In advance of the summit, William J. Perry Fellow Kathleen Stephens spoke on Bloomberg television about the challenges facing the United States and South Korea, and how those challenges would be prioritized during the bilateral meeting.

Moon would be bringing the message that the U.S.-South Korea alliance is a “strong one and that he remains committed to it,” and that, “only by working transparently and closely together” could the two countries address areas of concern, Stephens said.

“Only when Washington and Seoul are able to talk very frankly to each other and come up with a coordinated plan do we have any chance of making some progress on North Korea,” she added.

Stephens joined the program from Seoul, where a group of Shorenstein APARC faculty and fellows participated in a public seminar and the Korea-U.S. West Coast Strategic Forum, a biannual conference that seeks to foster dialogue about issues affecting the Korean Peninsula and the U.S.-South Korea alliance.

The seminar, held in conjunction with The Sejong Institute, received press coverage; such articles can be read on the Voice of America website (in Korean) and Sisa Journal website (in Korean).

In an analysis piece for Tokyo Business Today, Associate Director for Research Daniel Sneider assessed the outcomes of the summit between Moon and Trump, suggesting that their meeting was satisfactory – without signs of major discord.

“For the most part, this display of calculated pragmatism worked well.

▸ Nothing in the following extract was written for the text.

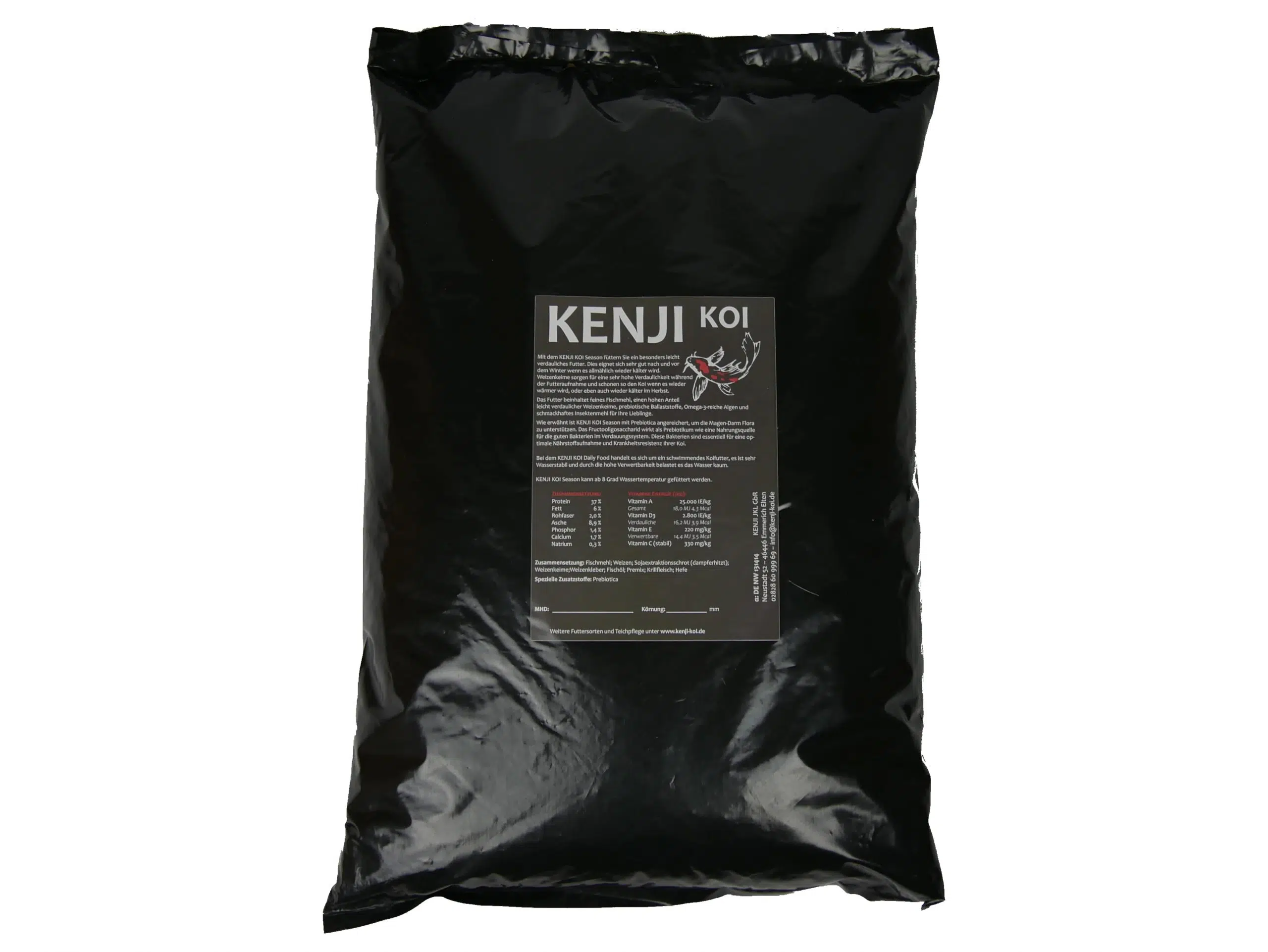 Season Freisteller Rückseite KENJI KOI Season 5kg – Bild 2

There was no visible daylight between the two leaders over how to handle the North and THAAD totally disappeared from the summit talk, at least in public and in the joint statement issued by the two governments.”

The summit, however, may prove to be a “temporary gain,” Sneider added. “Beneath the smiles, there was plenty of evidence of the gaps, and even the tensions, that exist between a progressive government in Seoul, one that echoes the views of its ideological predecessors of a decade ago, and a nationalist, conservative regime in Washington.”

Read the piece in English and Japanese.

Days after the summit, North Korea test-launched an intercontinental ballistic missile (ICBM), which the United States and South Korea followed by hosting joint military exercises.

Stephens spoke on WBUR radio about the ICBM test launch and the initial reactions of the Trump administration.

“If [President Trump’s] agenda is to take stronger defensive measures against North Korea, I think he will find strong partners in Japan and South Korea,” she said, noting that other measures, such as diplomacy and economic sanctions, have also been used to affect pressure on the regime.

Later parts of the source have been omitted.